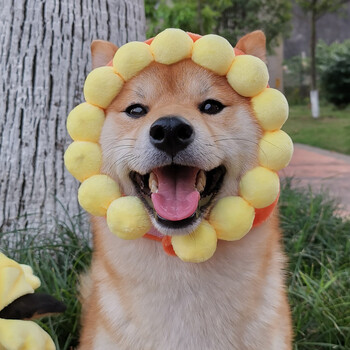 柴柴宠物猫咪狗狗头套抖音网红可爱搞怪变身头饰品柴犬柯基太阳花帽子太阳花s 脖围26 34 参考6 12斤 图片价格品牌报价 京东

---

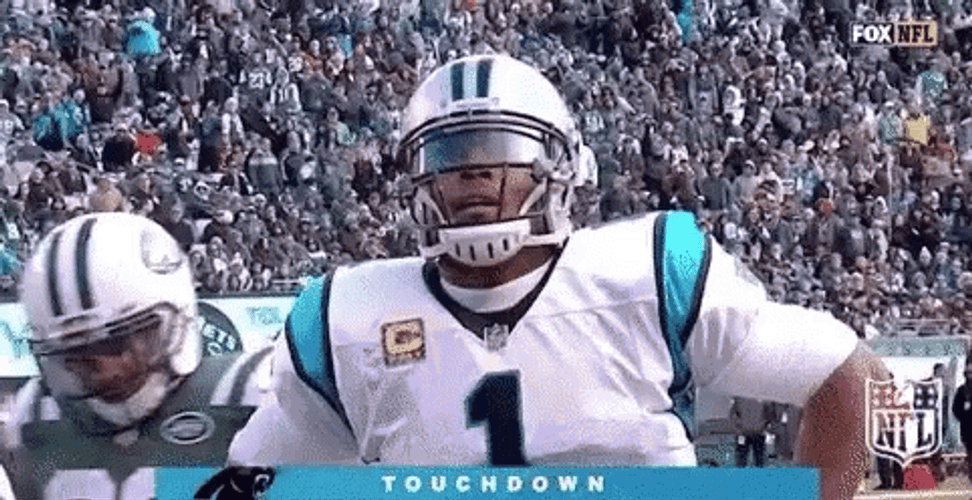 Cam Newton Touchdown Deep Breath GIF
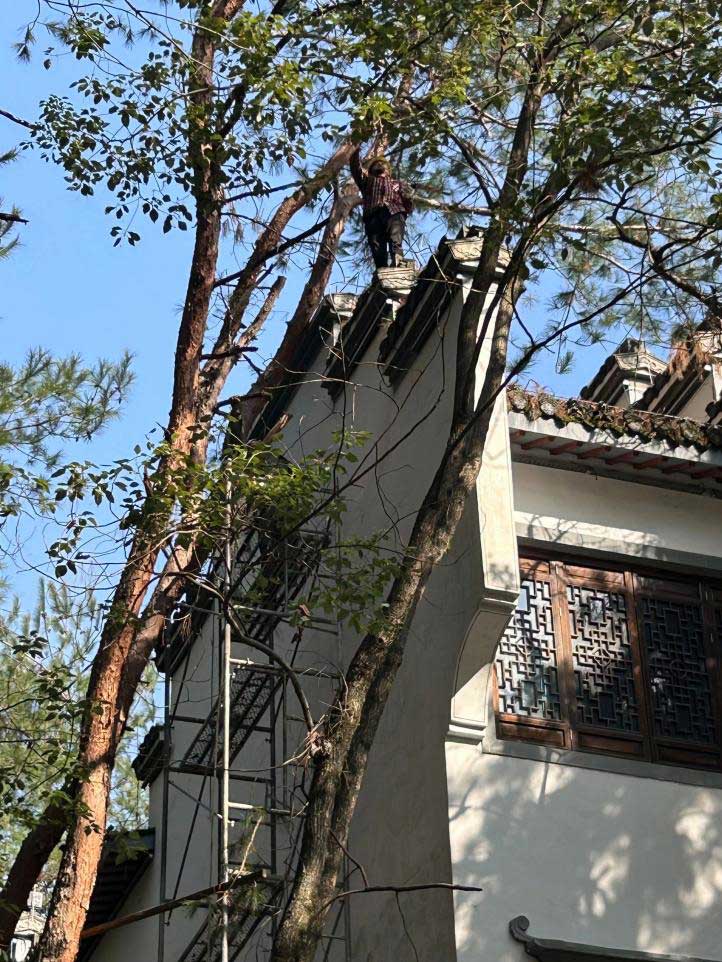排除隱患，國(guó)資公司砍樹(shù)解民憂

Exercise objective: With the pictures omitted, print the lines above exactly, beginning at the line with "Cam Newton Touchdown Deep Breath GIF" and going on through the line with "排除隱患，國(guó)資公司砍樹(shù)解民憂".

Answer box:
 Cam Newton Touchdown Deep Breath GIF
排除隱患，國(guó)資公司砍樹(shù)解民憂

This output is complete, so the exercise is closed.